Na última parte da sua apresentação, Bonilla afirmou que a dinâmica internacional entre Norte e Sul se reproduz entre os países abaixo da linha do Equador e, também, entre os movimentos sociais e a academia nos países desse hemisfério. “Há uma hierarquia problemática que pode ser explicada, mas não justificada”, apontou. Em relação aos movimentos sociais e a academia, há uma hierarquização problemática de acordo com os ciclos de produção de cada instância. 

Norte e Sul diferem na produção do conhecimento

“Os movimentos consideram a academia um espaço pragmático para a construção do conhecimento. Os ciclos de produção das faculdades são considerados largos e lentos, ao passo que os do movimento são vistos como curtos e rápidos, buscando atender aos problemas pontuais de quem representa. Isso traz problemas na percepção dos movimentos sobre a academia e desta sobre aqueles.
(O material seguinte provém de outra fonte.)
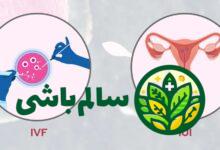 سفر برای رسیدن به فرزندآوری گاهی با چالش‌هایی همراه است و امروزه علم پزشکی با روش‌های کمک باروری (ART) راهگشای بسیاری از زوج‌ها شده است. در میان این روش‌ها، دو نام بیش از همه شنیده می‌شود: IVF و IUI. اما Ivf و iui چیست و چه تفاوت‌هایی با هم دارند؟ برای بسیاری از زوج‌ها، درک اینکه منظور از ivf چیست و یا اینکه iui چیست و چگونه انجام میشود، اولین قدم برای تصمیم‌گیری آگاهانه است. دانستن فرق iui و ivf به شما و پزشکتان کمک می‌کند تا بهترین و مناسب‌ترین مسیر درمانی را انتخاب کنید. در این مقاله، به صورت دقیق و با جزئیات کامل، به بررسی این دو روش محبوب کمک باروری می‌پردازیم تا تمامی ابهامات شما برطرف گردد. همچنین پیشنهاد می شود از صفحه فرق بچه های ای وی اف با طبیعی دیدن کنید. منظور از ivf چیست IVF که مخفف عبارت “In Vitro Fertilization” است، به معنای “لقاح در محیط آزمایشگاه” یا “لقاح خارج از بدن” می‌باشد. این روش یکی از پیشرفته‌ترین و مؤثرترین تکنیک‌های کمک باروری است که در آن، فرآیند ترکیب اسپرم و تخمک به جای آنکه در لوله‌های فالوپ بدن زن رخ دهد، در یک ظرف مخصوص آزمایشگاهی (پتری دیش) انجام می‌شود. جنین حاصل از این لقاح، پس از چند روز رشد اولیه، به رحم مادر منتقل می‌شود تا لانه‌گزینی کرده و به رشد خود ادامه دهد. این فرآیند پیچیده شامل چندین مرحله کلیدی است. پیشنهاد می شود از صفحه ایا ای وی اف بار اول جواب میده دیدن کنید. مراحل اصلی در چرخه درمان IVF در یک چرخه قاعدگی طبیعی، بدن زن معمولاً یک تخمک بالغ آزاد می‌کند. اما برای افزایش شانس موفقیت IVF، نیاز به تعداد تخمک‌های بیشتری است. به همین دلیل، پزشک داروهای هورمونی تزریقی را برای بیمار تجویز می‌کند تا تخمدان‌ها را برای تولید همزمان چندین تخمک بالغ تحریک کند. در طول این دوره که حدود 8 تا 14 روز طول می‌کشد، وضعیت فولیکول‌ها با سونوگرافی و سطح هورمون‌ها با آزمایش خون به دقت کنترل می‌شود. مرحله دوم: تخمک‌کشی (Egg Retrieval) زمانی که تخمک‌ها به بلوغ کافی رسیدند، طی یک عمل جراحی سرپایی و کوتاه به نام “پانکچر تخمدان”، آن‌ها از بدن خارج می‌شوند. این عمل با بیهوشی سبک یا آرام‌بخش انجام شده و پزشک با هدایت سونوگرافی، یک سوزن نازک را از طریق واژن وارد تخمدان‌ها کرده و مایع حاوی تخمک‌های بالغ را از فولیکول‌ها بیرون می‌کشد. مرحله سوم: لقاح در آزمایشگاه در همان روز تخمک‌کشی، نمونه اسپرم از شریک مرد دریافت می‌شود. سپس متخصص جنین‌شناسی، اسپرم‌های باکیفیت را جدا کرده و آن‌ها را در کنار تخمک‌های جمع‌آوری شده در محیط کشت آزمایشگاهی قرار می‌دهد تا لقاح به صورت طبیعی انجام شود. در موارد ناباروری شدید مردانه، از روشی به نام میکرواینجکشن یا ICSI استفاده می‌شود که در آن، یک اسپرم سالم مستقیماً به داخل هر تخمک تزریق می‌گردد تا شانس لقاح به حداکثر برسد. مرحله چهارم: انتقال جنین (Embryo Transfer) جنین‌های تشکیل شده برای 3 تا 5 روز در انکوباتورهای مخصوص رشد می‌کنند. سپس بهترین و باکیفیت‌ترین جنین (یا جنین‌ها) انتخاب شده و طی یک فرآیند ساده و بدون درد، با استفاده از یک لوله بسیار نازک (کاتتر) از طریق واژن به داخل رحم مادر منتقل می‌شود. iui چیست و چگونه انجام میشود IUI که مخفف عبارت “Intrauterine Insemination” است، به معنای “تلقیح داخل رحمی اسپرم” می‌باشد. این روش نسبت به IVF بسیار ساده‌تر و کم‌تهاجمی‌تر است. در IUI، لقاح در داخل بدن زن اتفاق می‌افتد. هدف اصلی این روش، افزایش تعداد اسپرم‌های باکیفیت و متحرکی است که به لوله‌های فالوپ (محل اصلی لقاح) می‌رسند و در نتیجه، شانس برخورد اسپرم با تخمک و وقوع بارداری را بالا می‌برند. همچنین پیشنهاد می شود از صفحه آی یو آی برای چه کسانی جواب می دهد دیدن کنید. مراحل انجام فرآیند IUI مرحله اول: آماده‌سازی و زمان‌بندی زمان‌بندی در IUI نقشی حیاتی دارد. این عمل باید دقیقاً در حوالی زمان تخمک‌گذاری انجام شود. پزشک ممکن است چرخه طبیعی شما را با کیت‌های تخمک‌گذاری یا سونوگرافی دنبال کند. در برخی موارد نیز برای اطمینان از آزاد شدن تخمک یا افزایش تعداد تخمک‌ها، داروهای خوراکی یا تزریقی خفیفی (مانند کلومیفن سیترات) برای تحریک تخمک‌گذاری تجویز می‌شود. مرحله دوم: جمع‌آوری و شستشوی اسپرم در روز انجام IUI، نمونه اسپرم از شریک مرد یا از بانک اسپرم (در صورت استفاده از اسپرم اهدایی) گرفته می‌شود. این نمونه به آزمایشگاه فرستاده شده و در آنجا طی فرآیندی به نام “شستشوی اسپرم”، اسپرم‌های سالم، فعال و متحرک از مایع منی و اسپرم‌های بی‌کیفیت جدا می‌شوند. این کار باعث تغلیظ اسپرم‌های باکیفیت در حجم کمی از مایع می‌شود. مرحله سوم: فرآیند تزریق (تلقیح) فرآیند تلقیح بسیار سریع و شبیه به تست پاپ اسمیر است. بیمار روی تخت معاینه دراز می‌کشد و پزشک با استفاده از یک اسپکولوم، دهانه رحم را مشاهده می‌کند. سپس کاتتر بسیار نازک و انعطاف‌پذیری که حاوی نمونه اسپرم شسته‌شده است، به آرامی از دهانه رحم عبور داده شده و محتویات آن مستقیماً در قسمت فوقانی حفره رحم تخلیه می‌شود. کل این فرآیند معمولاً تنها چند دقیقه طول می‌کشد. فرق iui و ivf اگرچه هدف نهایی هر دو روش کمک به بارداری است، اما تفاوت‌های بنیادین زیادی بین آن‌ها وجود دارد. درک این تفاوت‌ها به زوجین کمک می‌کند تا دید واقع‌بینانه‌تری نسبت به گزینه‌های درمانی خود داشته باشند. در جدول زیر، مقایسه جامعی بین این دو روش ارائه شده است. ویژگی (Feature) IUI (تلقیح داخل رحمی) IVF (لقاح خارج از بدن) محل لقاح داخل بدن زن (در لوله‌های فالوپ) خارج از بدن (در محیط آزمایشگاه) میزان تهاجمی بودن کم‌تهاجمی؛ بدون نیاز به جراحی تهاجمی‌تر؛ نیازمند عمل جراحی سرپایی (تخمک‌کشی) هزینه به مراتب کمتر به مراتب گران‌تر و پرهزینه‌تر داروهای هورمونی معمولاً بدون دارو یا با داروهای خوراکی/تزریقی خفیف نیازمند داروهای هورمونی تزریقی قوی و متعدد فرآیند آزمایشگاهی محدود به شستشو و آماده‌سازی اسپرم پیچیده؛ شامل کشت تخمک، لقاح، و رشد جنین شانس موفقیت در هر دوره معمولاً پایین‌تر (حدود 10% تا 20%) معمولاً بالاتر (بسته به سن و شرایط، می‌تواند به بیش از 40%40 برسد) زمان مورد نیاز فرآیند تزریق چند دقیقه طول می‌کشد کل چرخه درمان حدود 4 تا 6 هفته زمان می‌برد Ivf و iui چیست به طور خلاصه، IVF و IUI دو رویکرد متفاوت برای غلبه بر ناباروری هستند. IUI یک روش خط اول، ساده‌تر و ارزان‌تر است که با قرار دادن اسپرم در نزدیکی محل لقاح، به طبیعت کمک می‌کند. در مقابل، IVF یک روش پیشرفته‌تر و کنترل‌شده‌تر است که کل فرآیند لقاح و تشکیل جنین اولیه را به خارج از بدن و به محیط آزمایشگاه منتقل می‌کند. انتخاب بین این دو روش کاملاً به علت ناباروری، سن زن، سلامت عمومی زوجین و سابقه درمان‌های قبلی بستگی دارد. چه کسانی کاندید مناسب IUI هستند؟ زوج‌های با ناباروری با علت نامشخص (Unexplained Infertility) مشکلات خفیف در اسپرم مرد (مانند تعداد یا تحرک کم) مشکلات مربوط به دهانه رحم (سرویکس) یا موکوس سرویکال اختلالات تخمک‌گذاری آندومتریوز خفیف استفاده از اسپرم اهدایی چه کسانی به سراغ IVF می‌روند؟ انسداد یا آسیب شدید لوله‌های فالوپ ناباروری شدید مردانه (تعداد یا کیفیت اسپرم بسیار پایین) کاهش شدید ذخیره تخمدان یا کیفیت پایین تخمک‌ها اندومتریوز شدید شکست در چندین دوره درمان با IUI نیاز به استفاده از تخمک اهدایی یا رحم جایگزین نیاز به غربالگری ژنتیکی جنین‌ها قبل از انتقال (PGD/PGS) سخن نهایی تصمیم‌گیری برای شروع درمان ناباروری یک گام بزرگ و پراسترس است. روش‌های IUI و IVF هر دو ابزارهای قدرتمندی در دست متخصصان برای تحقق رویای فرزندآوری هستند. IUI به عنوان یک گزینه ساده‌تر و کم‌هزینه‌تر، اغلب به عنوان اولین قدم درمانی پیشنهاد می‌شود، در حالی که IVF با وجود پیچیدگی و هزینه بالاتر، شانس موفقیت بیشتری را برای موارد پیچیده‌تر فراهم می‌کند. مهم‌ترین اقدام، مشاوره با یک متخصص ناباروری مجرب است. پزشک با بررسی دقیق شرایط شما، بهترین و مؤثرترین مسیر درمانی را پیشنهاد خواهد داد و شما را در این سفر حساس و پرامید همراهی خواهد کرد.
Outro obstáculo importante é a relação entre os interesses dos movimentos e a sua tradução pelos saberes especializados. Portanto, a questão da produção do conhecimento tem uma dimensão internacional, global, regional e nacional. Se existe uma hierarquização entre movimentos do Norte e do Sul, ela também ocorre no próprio Sul e entre a academia e os movimentos de seus países”, concluiu.
 
VIII Seminário Internacional e XII Seminário Nacional Direito e Saúde
 
A coordenadora do Grupo Direitos Humanos e Saúde (Dihs), Maria Helena Barros, foi a debatedora da mesa e conduziu a abertura de mais uma edição do Seminário Nacional e Internacional Direito e Saúde. Ela caracterizou o Dihs como um grupo que aposta na construção do campo direito e saúde com compromisso social e ético e no intuito de buscar o avanço dessa área na Fiocruz. “Somos uma instituição cientifica centenária, com responsabilidade social, competência técnica, mas certos de que o conhecimento cientifico não é a única forma do ‘saber’. Desde a vinda do professor Boaventura de Sousa Santos, em 2010, nos aprofundamos na discussão sobre as possibilidades de construção do conhecimento.”
 
O diretor-presidente da Caixa de Assistência dos Advogados, Marcello Oliveira, anunciou parceria com o Dihs para analisar o perfil dos advogados do Rio de Janeiro. “A parceria com a Fiocruz e o Dihs nos trará informações sobre algo que nos é muito caro: a saúde do advogado. O direito e a saúde têm uma relação muito estreita. Não podemos nos reduzir a estudar, cada um, seu campo da ciência. A interseção dos campos pode levar à luta pela garantia dos direitos.”
 
O diretor da ENSP, Hermano Castro, destacou que seminários como o realizado pelo Dihs proporcionam a aproximação da academia com os movimentos sociais. Segundo ele, é preciso repensar a violência no campo das políticas públicas e suas consequências na saúde. Representando o presidente da Ficoruz, Paulo Gadelha, o vice-presidente de Ambiente, Atenção e Promoção da Saúde (VPAAPS), Valcler Rangel, enalteceu o caminho percorrido pelo Dihs ao combinar produção acadêmica, ensino, pesquisa e luta política. 

Norte e Sul diferem na produção do conhecimento

Outros participantes da mesa de abertura foram o pesquisador Paulo Amarante, coordenador do Laboratório de Atenção Psicossocial em Saúde; Valéria Lagrange, do Instituto de Pesquisa Evandro Chagas (Ipec); Magali Romero, da Casa de Oswaldo Cruz; Maria Collares Felipe da Conceição, do Fórum de Direito e Ambiente da Emerj; e o juiz Rubens Casara, da Emerj.